*Problem to work on*: Repeat only the lines from the one containing "3 mulheres sentadas" to the final line below, exactly as they read, and leave every picture out.

*Data excerpt*:
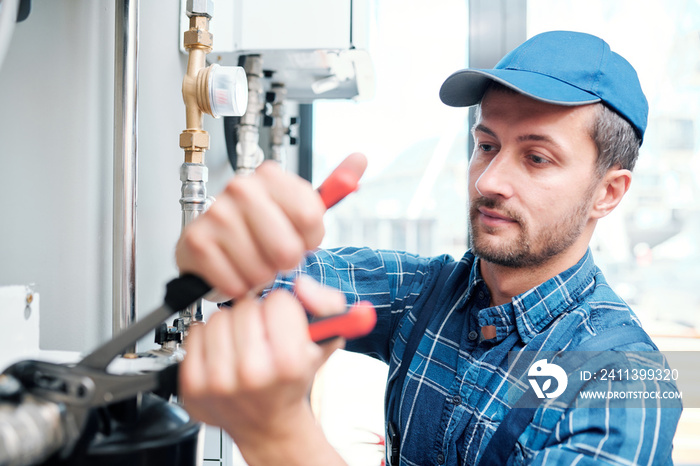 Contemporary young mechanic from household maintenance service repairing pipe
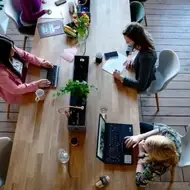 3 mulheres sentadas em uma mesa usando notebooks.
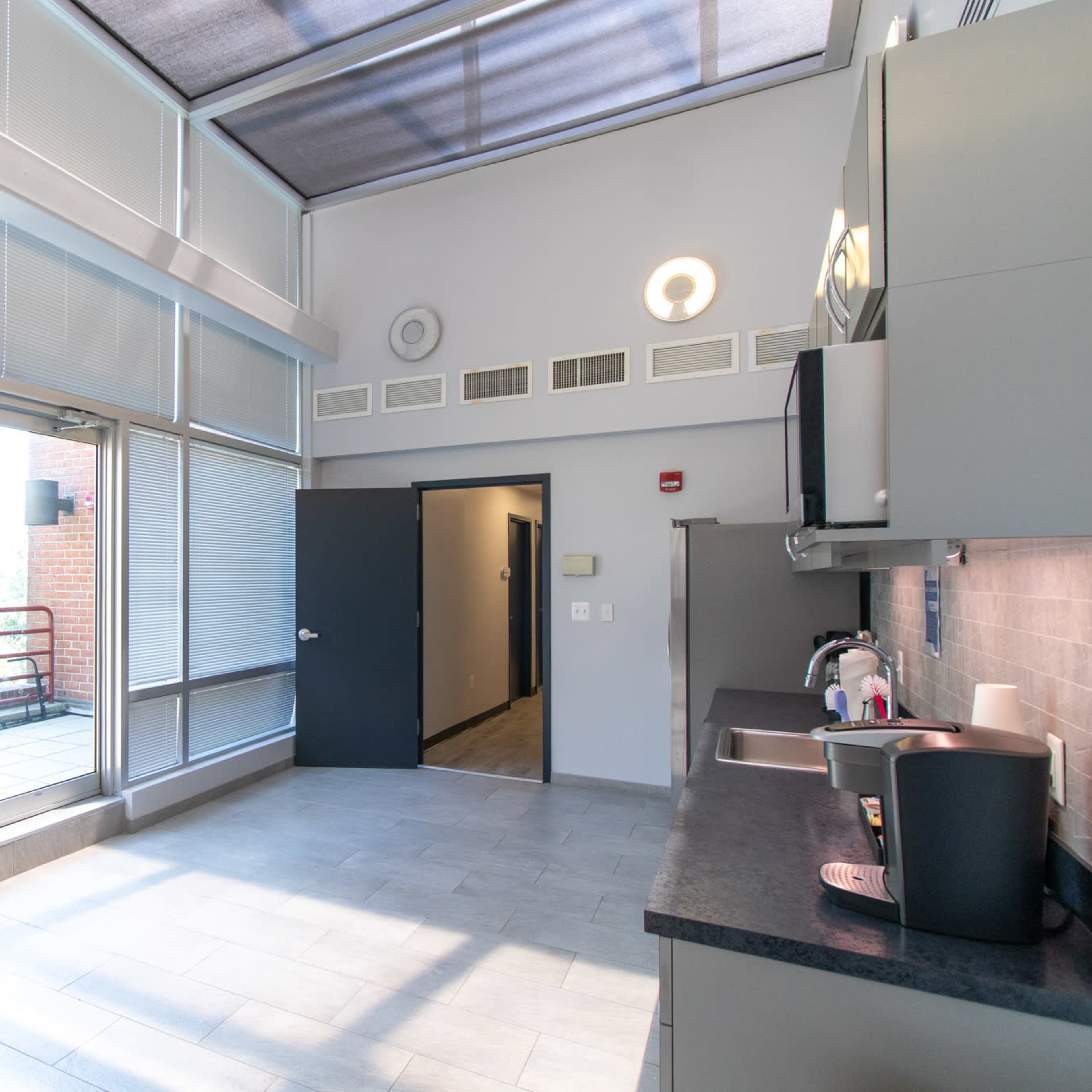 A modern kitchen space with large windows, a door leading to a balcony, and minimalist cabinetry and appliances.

*Result of the exercise*:
 3 mulheres sentadas em uma mesa usando notebooks.
 A modern kitchen space with large windows, a door leading to a balcony, and minimalist cabinetry and appliances.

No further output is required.